When you picture someone living with depression, the image that is conjured up is someone sleeping or staring mindlessly at the television all day. They don’t work, they don’t go school, they just do nothing all day.
While that is the experience of someone else living with depression, that is not my experience. From the outside, I don’t look or sound like I have depression. I look like and live like any functioning adult. I have a steady job and a steady income; my social calendar on the weekends is often full. But the fact is that the black dog, as Winston Churchill spoke of so tellingly, is an unwanted fixture in my life.
I was diagnosed with dysthymia when I was in my late 20’s. I saw my first therapist when I was about 12. Since then, I’ve had about a half a dozen therapists (my present therapist included) and I’m taking an anti-depressant to help to manage my depression.
The black dog is forever with me. When I’ve had a good day, it reminds me of my shortcomings, both perceived and real. When I’ve had a bad day, it is like a perpetual rain cloud that continually hangs over my head. It exhausts me to no end, if my depression had its way, I would be sleeping most of the day. It says that I am not good enough, that my life is not worth living.
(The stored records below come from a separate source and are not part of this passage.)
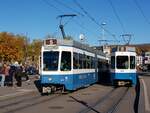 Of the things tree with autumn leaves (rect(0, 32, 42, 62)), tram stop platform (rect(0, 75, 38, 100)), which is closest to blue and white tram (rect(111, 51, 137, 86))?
tram stop platform (rect(0, 75, 38, 100))

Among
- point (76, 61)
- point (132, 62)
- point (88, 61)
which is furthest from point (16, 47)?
point (76, 61)

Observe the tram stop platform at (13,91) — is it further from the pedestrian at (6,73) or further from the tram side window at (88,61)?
the tram side window at (88,61)

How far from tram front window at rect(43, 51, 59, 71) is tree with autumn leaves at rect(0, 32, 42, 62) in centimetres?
7029

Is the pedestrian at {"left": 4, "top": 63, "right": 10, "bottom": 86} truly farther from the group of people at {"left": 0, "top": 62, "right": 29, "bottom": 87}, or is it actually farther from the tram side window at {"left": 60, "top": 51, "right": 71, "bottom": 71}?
the tram side window at {"left": 60, "top": 51, "right": 71, "bottom": 71}

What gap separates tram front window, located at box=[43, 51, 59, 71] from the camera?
25603 millimetres

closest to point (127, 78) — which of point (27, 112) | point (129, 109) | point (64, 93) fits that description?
point (64, 93)

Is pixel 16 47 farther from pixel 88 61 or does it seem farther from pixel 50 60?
pixel 50 60

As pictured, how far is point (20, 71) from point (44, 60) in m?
8.13

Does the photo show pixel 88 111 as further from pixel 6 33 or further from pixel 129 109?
pixel 6 33

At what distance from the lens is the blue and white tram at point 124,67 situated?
34.2 m

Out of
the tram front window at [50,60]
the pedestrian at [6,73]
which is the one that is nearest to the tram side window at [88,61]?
the pedestrian at [6,73]

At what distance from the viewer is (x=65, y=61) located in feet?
84.6

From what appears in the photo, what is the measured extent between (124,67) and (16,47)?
69500 mm

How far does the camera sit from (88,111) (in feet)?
55.4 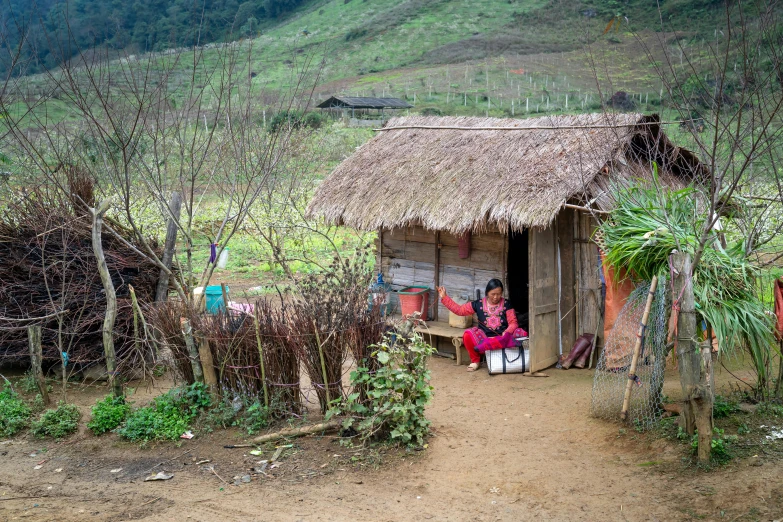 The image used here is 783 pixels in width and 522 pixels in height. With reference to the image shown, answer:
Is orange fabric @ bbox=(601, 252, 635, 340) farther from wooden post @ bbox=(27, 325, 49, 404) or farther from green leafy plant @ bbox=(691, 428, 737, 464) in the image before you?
wooden post @ bbox=(27, 325, 49, 404)

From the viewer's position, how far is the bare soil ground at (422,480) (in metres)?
4.18

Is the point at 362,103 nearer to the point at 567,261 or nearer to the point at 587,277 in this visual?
the point at 567,261

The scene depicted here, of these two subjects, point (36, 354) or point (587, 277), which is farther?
point (587, 277)

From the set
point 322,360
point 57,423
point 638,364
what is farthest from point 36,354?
point 638,364

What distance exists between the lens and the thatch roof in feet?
22.7

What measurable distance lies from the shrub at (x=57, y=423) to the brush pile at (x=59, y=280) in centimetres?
115

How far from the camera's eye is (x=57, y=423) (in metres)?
5.75

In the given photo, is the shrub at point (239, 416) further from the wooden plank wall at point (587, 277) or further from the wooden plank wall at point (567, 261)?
the wooden plank wall at point (587, 277)

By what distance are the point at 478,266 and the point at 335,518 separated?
4.49 meters

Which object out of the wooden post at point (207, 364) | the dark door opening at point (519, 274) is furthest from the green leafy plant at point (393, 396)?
the dark door opening at point (519, 274)

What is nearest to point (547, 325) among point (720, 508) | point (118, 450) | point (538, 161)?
point (538, 161)

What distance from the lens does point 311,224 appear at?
14953 millimetres

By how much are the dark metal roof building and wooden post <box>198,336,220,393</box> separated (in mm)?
26072

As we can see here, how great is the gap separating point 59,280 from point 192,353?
251cm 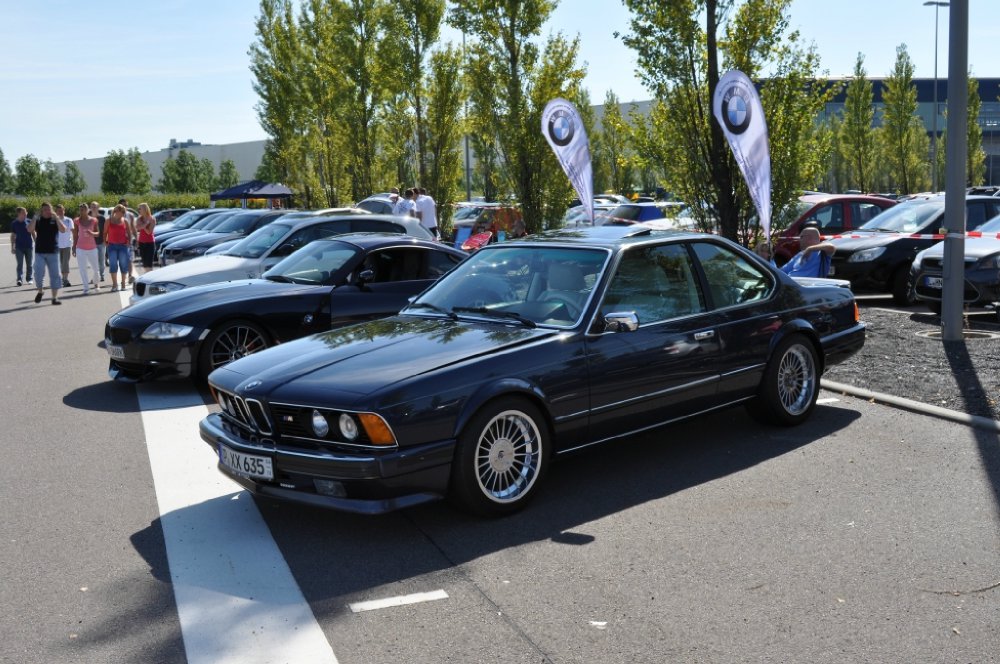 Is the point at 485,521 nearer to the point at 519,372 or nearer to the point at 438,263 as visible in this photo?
the point at 519,372

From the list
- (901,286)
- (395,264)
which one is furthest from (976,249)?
(395,264)

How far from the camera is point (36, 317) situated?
50.7 ft

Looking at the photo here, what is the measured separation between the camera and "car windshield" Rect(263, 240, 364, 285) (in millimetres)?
9492

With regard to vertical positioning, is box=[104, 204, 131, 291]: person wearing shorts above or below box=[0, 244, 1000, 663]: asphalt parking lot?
above

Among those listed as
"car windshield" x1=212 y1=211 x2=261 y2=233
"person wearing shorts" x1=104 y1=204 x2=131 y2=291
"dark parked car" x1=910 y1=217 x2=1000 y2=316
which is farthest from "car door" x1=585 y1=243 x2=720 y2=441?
"car windshield" x1=212 y1=211 x2=261 y2=233

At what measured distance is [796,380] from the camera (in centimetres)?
724

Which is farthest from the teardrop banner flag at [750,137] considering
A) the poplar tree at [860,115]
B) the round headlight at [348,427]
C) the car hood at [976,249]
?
the poplar tree at [860,115]

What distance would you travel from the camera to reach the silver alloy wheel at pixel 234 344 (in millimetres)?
8962

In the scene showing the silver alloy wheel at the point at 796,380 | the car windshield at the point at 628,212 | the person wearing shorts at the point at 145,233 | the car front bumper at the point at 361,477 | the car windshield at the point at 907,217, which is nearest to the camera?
the car front bumper at the point at 361,477

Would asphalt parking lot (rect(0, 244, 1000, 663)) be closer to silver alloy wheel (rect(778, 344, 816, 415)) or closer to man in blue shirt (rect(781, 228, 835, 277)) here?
silver alloy wheel (rect(778, 344, 816, 415))

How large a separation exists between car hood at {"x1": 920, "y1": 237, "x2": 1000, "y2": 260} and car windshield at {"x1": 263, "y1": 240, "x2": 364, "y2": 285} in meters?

Some days it feels like I am wearing a mask to hide my true feelings.
What they don’t see is the constant barrage of negative thoughts that are always with me. They don’t see the energy it takes to get up in the morning to get to work on time. They don’t see the bags under my eyes and feel the overwhelming exhaustion that I feel daily. They don’t hear the voices in my head telling me to kill myself. They don’t see the unshed tears that I sometimes have to fight tooth and nail to keep from spilling down my cheeks.
I’ve been through a lot in my nearly 37 years, I have much to be proud of. But at the same time, the depression tells me that it is not enough and will never be enough.